アデノウイルス分離状況、 2002〜2003年−大阪府
(Vol.24 p 261-262)

*小児科・基幹定点から分離されたアデノウイルス、 2003年

2003年1月以降に大阪府小児科・基幹定点から分離されたアデノウイルスを表1に示した。ウイルス分離にはHEp-2細胞、 Vero細胞を用い、 同定は中和試験で行った。合計33株のアデノウイルスが分離され、 その内訳はアデノウイルス3型が19株、 2型が9株、 1型が4株、 5型が1株であった。アデノウイルス2型、 3型は1〜6月のいずれの月も分離されているが、 3型は6月に増加傾向を示し、 2003年の大阪での夏季の咽頭結膜熱はアデノウイルス3型が主流であると思われた。

アデノウイルスが分離されたこれらの患者の臨床診断名は、 咽頭結膜熱が24例(うち2例は肺炎を伴う)、 インフルエンザが5例、 急性脳炎が2例、 ヘルパンギーナ、 無菌性髄膜炎が各1例であった(表2)。急性脳炎2例からアデノウイルスが分離されているが、 検体の由来が便および結膜であり、 かつ髄液および咽頭ぬぐい液はウイルス分離陰性のため、 脳炎の直接的な原因とは考えにくい。
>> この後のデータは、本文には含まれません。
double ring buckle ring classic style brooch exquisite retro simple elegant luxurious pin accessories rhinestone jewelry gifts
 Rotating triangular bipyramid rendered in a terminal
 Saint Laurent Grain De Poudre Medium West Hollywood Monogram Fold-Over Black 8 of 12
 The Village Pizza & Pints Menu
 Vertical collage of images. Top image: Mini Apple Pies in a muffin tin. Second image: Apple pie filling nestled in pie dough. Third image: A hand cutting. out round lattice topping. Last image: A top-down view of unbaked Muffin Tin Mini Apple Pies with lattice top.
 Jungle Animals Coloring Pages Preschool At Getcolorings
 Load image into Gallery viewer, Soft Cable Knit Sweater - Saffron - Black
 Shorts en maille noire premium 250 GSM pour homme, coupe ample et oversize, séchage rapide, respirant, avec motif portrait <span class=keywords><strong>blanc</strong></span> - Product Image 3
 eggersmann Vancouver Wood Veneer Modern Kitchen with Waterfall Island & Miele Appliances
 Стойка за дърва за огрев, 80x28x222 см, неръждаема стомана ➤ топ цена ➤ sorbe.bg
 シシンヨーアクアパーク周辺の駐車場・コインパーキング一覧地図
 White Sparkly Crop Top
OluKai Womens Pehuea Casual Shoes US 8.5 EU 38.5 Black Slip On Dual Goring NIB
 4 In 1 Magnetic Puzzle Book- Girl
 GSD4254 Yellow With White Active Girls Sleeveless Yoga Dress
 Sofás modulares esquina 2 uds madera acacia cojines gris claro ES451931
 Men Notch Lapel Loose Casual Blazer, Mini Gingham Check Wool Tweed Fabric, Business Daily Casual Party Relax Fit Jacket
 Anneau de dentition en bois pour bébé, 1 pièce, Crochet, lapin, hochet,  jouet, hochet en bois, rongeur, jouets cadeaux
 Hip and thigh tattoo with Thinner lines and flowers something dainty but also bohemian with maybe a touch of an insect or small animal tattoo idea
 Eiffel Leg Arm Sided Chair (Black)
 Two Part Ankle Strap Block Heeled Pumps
無菌性髄膜炎の1例も結膜炎症状を伴っており、 髄液の検査は実施していないため、 アデノウイルスを起因ウイルスと断定できない。しかしながら、 中枢神経系疾患に関連してアデノウイルスが3例分離されていることは、 アデノウイルスと中枢神経系疾患に何らかの関連があることを示唆しているのかもしれない。

*三島地区眼科定点から分離されたアデノウイルス、 2002年4月〜2003年6月

2002年4月〜2003年6月までに、 大阪府三島地区の2病院において流行性角結膜炎と診断された患者からウイルス分離を行った結果、 表3に示すアデノウイルスが分離された。ウイルス分離にはHEp-2細胞を用い、 同定は中和試験によって行った。

分離されたアデノウイルスは、 時間的な経過の中で集積性が認められた。すなわち、 2002年4〜6月はアデノウイルス4型と19型で、 2002年11月はアデノウイルス3型、 2003年2〜3月はアデノウイルス2型、 2003年5〜6月はアデノウイルス37型であった。アデノウイルス8型は2002年5月と2003年5月に検出され集積性はなかった。アデノウイルス2型、 3型分離例では、 上気道炎や胃腸炎症状を伴う症例が57%(4/7)にみられた。

この地区では血清型の異なったアデノウイルスの時間的集積性が認められたが、 このことが眼科領域におけるアデノウイルスの流行に反映しているかどうか、 あるいはその他の疫学的事象と関連しているかどうかは不明であり、 継続的な調査が必要である。